This piece by Devin McKinney is part of a series of essays to mark the 50th anniversary of the Beatles' first American television appearance on CBS's "The Ed Sullivan Show." It culminates with CBS News, 50 Years Later...The Beatles at The Ed Sullivan Theater: Presented by Motown The Musical, a live, interactive multimedia event at The Ed Sullivan Theater on Feb. 9. 

"When we got here, you were all walking around in f***ing Bermuda shorts," John Lennon said of the Beatles' U.S. landfall on Feb. 7, 1964. "There was no conception of dress or any of that jazz. We just thought, what an ugly race." 

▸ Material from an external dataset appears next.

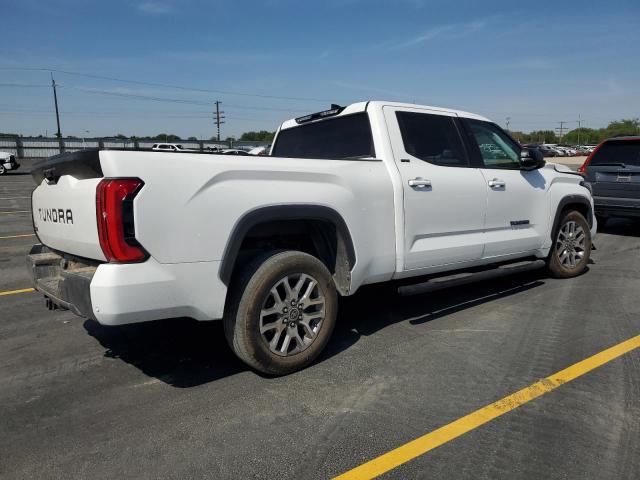 2023 TOYOTA TUNDRA CRE - 5TFLA5EC1PX011276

He had a point. We were not stylish in '64. Apparently our post-war prosperity hadn't included a clothing allowance. The mostly white, middle-class kids who swarmed JFK Airport and surrounded the Plaza Hotel that first week of the Beatles' invasion were dressed like junior versions of their parents. "They came to bring us back to life!" says a character in Robert Hemenway's 1969 short story "The Girl Who Sang with the Beatles." Step two of that quick and painless process-after the music-was showing us how to dress. 

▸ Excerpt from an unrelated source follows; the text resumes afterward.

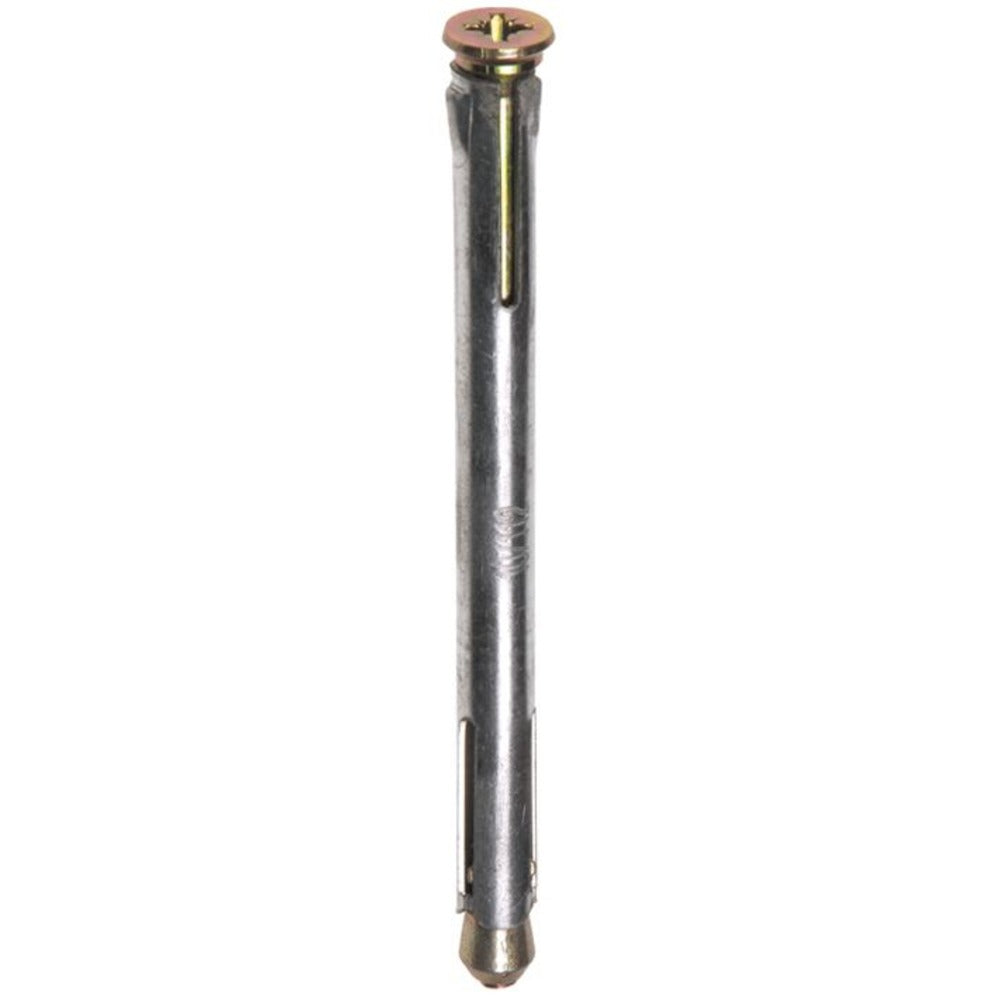 Fis Profi Kozijnplug Staal 10mm 20st-755618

Beatle style wasn't androgynous, except in the narrowest terms of the time, but it implied pansexuality. That spooked the fogeys:  jokes about gender and wigs were made by TV comedians wearing mascara and Grecian Formula. But Beatle hair was the only fitting crown for the Beatles body:  all four similar but each distinctively poised, dashing in dark fabric and high buttons, a hint of pinstripe or velour, the creased pant leg tapering sharply to the booted toe. Elements of the style were gathered from all over-London, Paris, Hamburg.  But the Beatles kept only what was good. They pulled it together and brought it off, looked smashing and weren't shamefaced about it. 

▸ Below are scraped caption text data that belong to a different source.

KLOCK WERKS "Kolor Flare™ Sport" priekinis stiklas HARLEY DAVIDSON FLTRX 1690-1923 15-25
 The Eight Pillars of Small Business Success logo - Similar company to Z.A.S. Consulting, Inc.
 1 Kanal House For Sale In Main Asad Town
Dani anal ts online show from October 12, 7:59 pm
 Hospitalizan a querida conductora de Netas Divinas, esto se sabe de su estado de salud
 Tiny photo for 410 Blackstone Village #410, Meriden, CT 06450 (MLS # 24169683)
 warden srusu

 They made a kid want to try on clothes. The boy of '64, out of his Bermudas and braces, becomes three years later the high school hipster asked by TV host Dick Clark for his impression of the odd first Beatles promo film - "Strawberry Fields Forever."  "It's great," the kid giggles, wonderstruck, wanting nothing but to score himself a paisley shirt. 

His parents took longer to relax into the essential wisdom of Beatle dress, which said simply:  Don't disappear.  Be a spot of style in this gray world.  So women got into miniskirts, wide belts, kinky boots, bell-bottoms.  Eventually, even respectable Dad was dressing flamboyantly-fat ties, broad lapels, muttonchops-taking a bit of the peacock prerogative that writer Hanif Kureishi perceived in the "gloriously non-functional" clothing of the Beatles' psychedelic phase, when "like Baudelairean dandies they could afford to dress ironically and effeminately, for each other, for fun, beyond the constraints of the ordinary." 

Fashion rolls on, but it's never rolled past the Beatles. Their trim matching suits have long been standard indie-band uniform; their irreverent formality is routinely revived as cutting-edge style. Beatles '64 is a classic look because it symbolizes today what it did then: style as freedom. Most of us still live, to some degree, within the constraints of the ordinary. But, thanks to the Beatles, the ordinary itself is a far more interesting and colorful place to be. We are no longer quite such an ugly race. 

Devin McKinney is the author of Magic Circles: The Beatles in Dream and History. He co-founded and contributes to the Beatles blog Hey Dullblog.